■ WHAT THIS TASK INVOLVES
Could you give back exactly the lines below from the one with "lauren manoogian capote coat grey" through the one with "Kwantum Mok Met Oor Shapes Lila- 300ml", without a single picture?

■ SUPPLIED INFORMATION

______

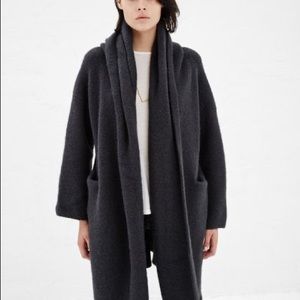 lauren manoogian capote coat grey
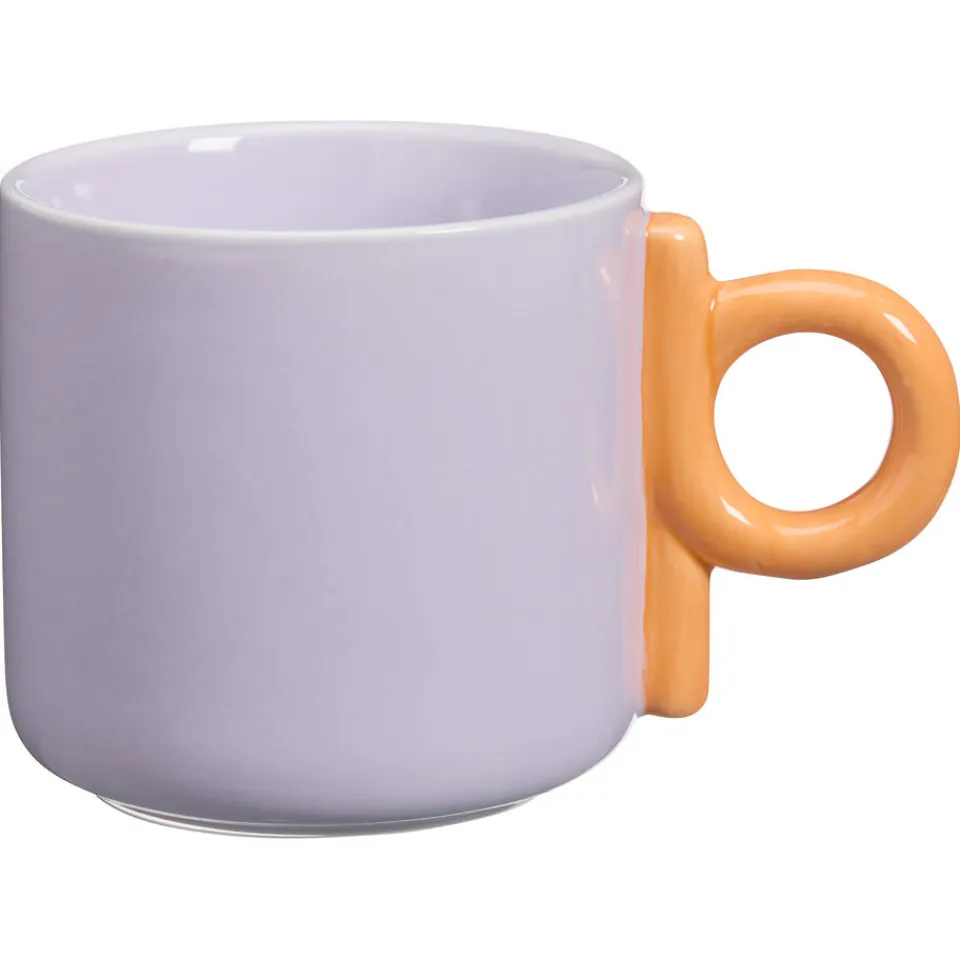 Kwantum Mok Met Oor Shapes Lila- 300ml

______

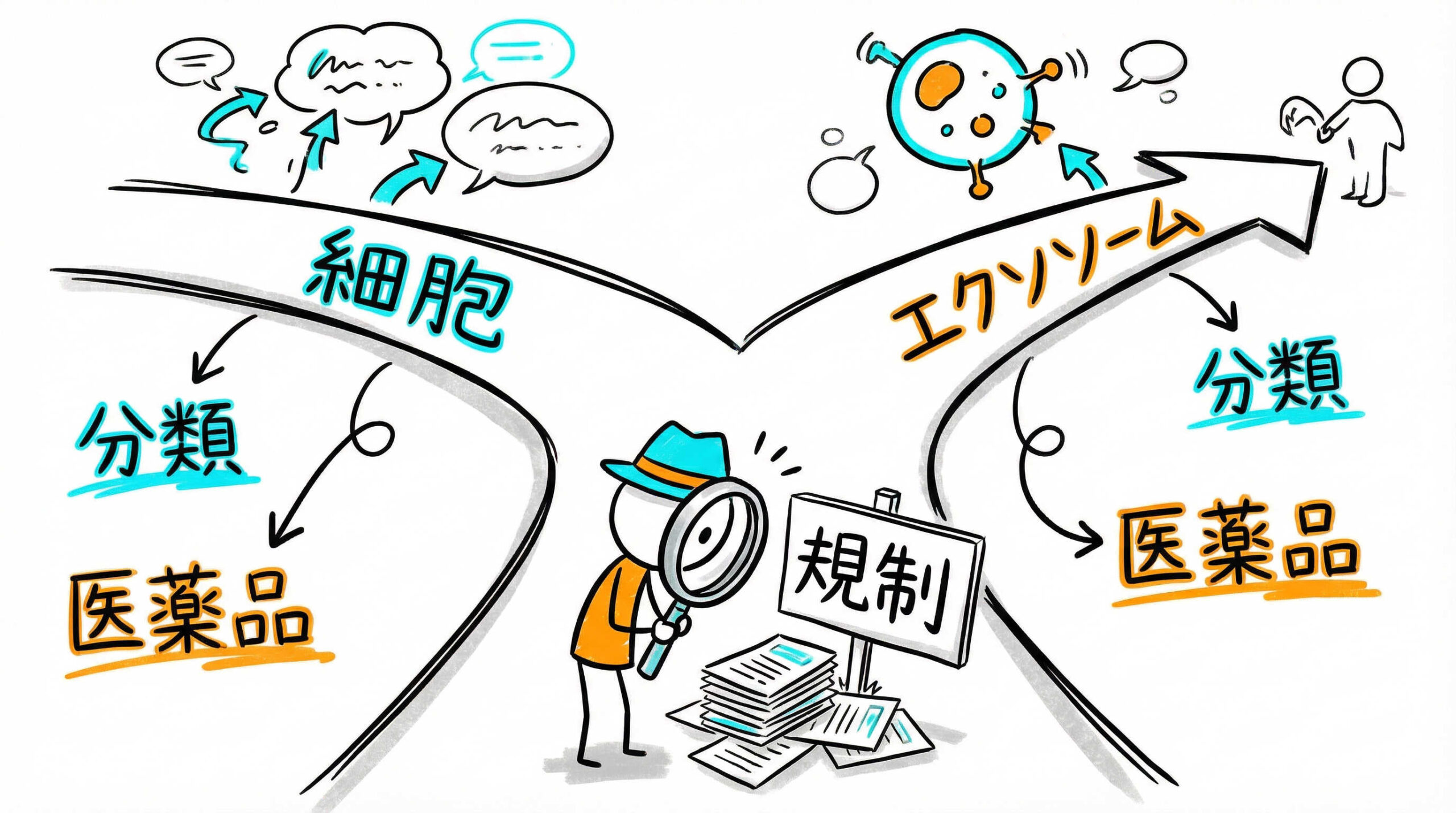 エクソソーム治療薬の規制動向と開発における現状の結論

______

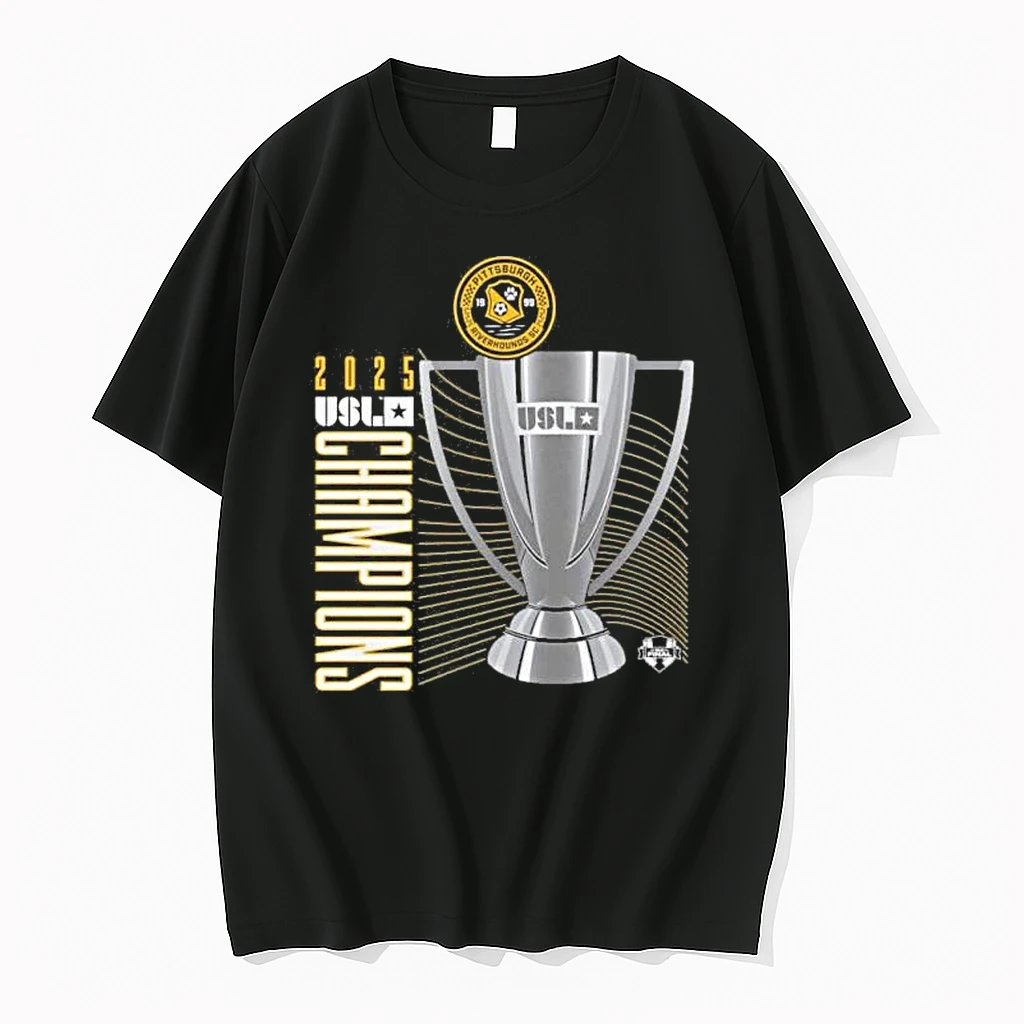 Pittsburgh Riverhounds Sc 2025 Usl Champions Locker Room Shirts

______

■ SOLUTION FOR THIS EXERCISE
 lauren manoogian capote coat grey
 Kwantum Mok Met Oor Shapes Lila- 300ml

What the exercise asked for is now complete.